教室が終わった後、「じつは日本料理をやっているものなんですが」と稲葉に言ったところ、「料理人なんざ、出汁のことなんか何もわかっちゃいないんだよ」的なことをボロクソに言われたんです。若いころの私も喧嘩っぱやい方だったので、その場でカチーーーン! ときまして。
平井
ははははは!
大塚
「このくそ親父!」と思ったわけですよ。
平井
それは、自分に言われた!というのがあったからですかね。
大塚
はい。料理人に出汁の話をしても、「俺らはかつお節のことなんか、わかってんだよ!」て稲葉も散々言われてきたんだと。私もいまタイコウで営業をしていて、そういうことは現場で言われています。
平井
そうですか。
大塚
「出汁のことをわかっているようでわかっていない」ということを、稲葉と話して知ったんです。
平井
「なぜこの出汁は酸っぱいんだろう?」という疑問は、今はクリアになりましたか?
大塚
あーもうそれは。わかっています。
平井
それも稲葉社長に教えてもらえたんですね。
大塚
はい。苦い、酸っぱい、しょっぱい、えぐい、臭い、渋い。出汁がそう感じるのにはそれぞれに原因があって。それを起こさないようにつくっているのが、タイコウのかつお節なんだと知りました。

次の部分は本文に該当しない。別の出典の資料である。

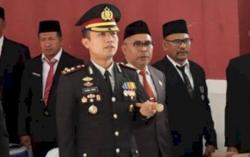 Belum Genap Dua Bulan, Kapolres Sumba Timur AKBP Hery Cahyadi Dimutasi ke Papua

出汁取り教室の後も、社長の稲葉とはお仕事の縁でお話しする機会が何回かあって、後継がいないと聞いていたので、「私にやらせてください」て言ったんです。タイコウのかつお節を絶対に残したくて。
平井
それを言える大塚さんもすごい。
(ここでタイコウの稲葉泰三社長が登場!)
稲葉
こんにちは。
平井
こんにちは。お邪魔しています。
稲葉
遊び相手がいなくて困っていたからいいんだよ。
平井
ははは。
大塚
あの人ですよ、はじめて会った私にボロクソに言ったのは!
稲葉
料理人はかつお節のことを何にも知らないくせに、わかったような口をきくんだ。
平井
わかったつもりでいるんでしょうか。
稲葉
知らないんだよ。
平井
知らない。
稲葉
厨房の中のことしか知らないから。店の外に出て勉強してくるとか、畑行くとかさ。漁師に話を聞きに行くとかしないんだよ。
平井
今だけの話ではなく、昔もそうですか。
稲葉
昔からそう。
平井
なるほど。
稲葉
自分のやってきたことを頑なに変えようとしない。人の話を聞きたがらない。だから料理人の中で日本料理をやる人が減ってきたもんね。若い人が日本料理の世界に入りたがらない。フレンチとかイタリアンには入るでしょ。それはやっぱりそこに変化があるからだよ。新陳代謝があるからいい。日本料理は…じじぃばっかりだよ。
平井
ははは。
稲葉
若い料理人の方が、うちらの話を聞いてくれる。新しいことを知ったら、「じゃあこうしよう、ああしよう」てどんどん変化をしていく。
平井
はーー。そういうもんですか。
稲葉
若い人は平気で考えを変える勇気がある。縛られていないから。
平井
考えを変える勇気。いい言葉ですね。
大塚
とくに日本料理の世界は、自分の親方を絶対視する傾向がある。私も経験があるからわかります。だから先輩や親方のやっていることに疑問を持ったとしても、「こういうもんなんだ」と押し切られることが多い。そうじゃなくて疑問に思ったのなら、それをわかるまでやるべきだと思うんですよね。
平井
考えることを自ら放棄してしまう、ということですかね。
大塚
放棄させられる環境にある、というのもあります。
平井
言われるがままに。
稲葉
思考停止なんだよ。
大塚
うちにかつお節の話を聞きに来る方は、圧倒的に若い料理人の方が多いですね。疑問に思ったことに対して、自分で思考を積み重ねてやっていくという方。
平井
そういう若い方が多いと言う話は、なんだか嬉しいです。
大塚
日本料理をはじめとして30代の料理人の方が多いですよね。
稲葉
多いねぇ。
平井
そういう方は、タイコウをどこで知るんですか。
大塚
口伝手ですね。料理人さん同士で話をして、「このお店の出汁がすごいおいしい」「この料理屋の出汁はこういう引き方をしている」という話をしたときに、タイコウさんを教えてもらったんですけど、ていう形でいらっしゃいます。
平井
へーー。
稲葉
「何でタイコウのかつお節は他と違うんですか?」て聞かれるけどその答えは簡単で、昔ながらのかつお節の問屋としての仕事をしているだけ。結局食いもんのことだから、おいしいが一番なんだよ。
平井
おいしさよりも、コスト削減や大量生産を優先しているところが多いと言うことでしょうか。
稲葉
そうそう。いやぁ、やっぱり儲けたいからね! 利益率あげて、価格を安くすりゃみんな買ってくれるじゃん。みんなそこにいくわけさ。
平井
なるほど。
稲葉
どこの事業もお金儲けでしょ。この子(大塚さんのこと)にも言ったけど。うちらはお客さんの笑顔のためにいい仕事をしてお金をもらう。お金もらうために仕事しているんじゃねーんだよって。うちの取引先の生産者も同じ思いでやってきた。いい仕事をしたい、いいかつお節をつくりたい。そのためにお金が必要なわけだから、ちゃんと払う。生産者に対して仕入を値切ったことないもん、一回も。
平井
お金が唯一の目的ではない、ということですね。
稲葉
そう。目的じゃない。いい仕事をするのが一番の目的。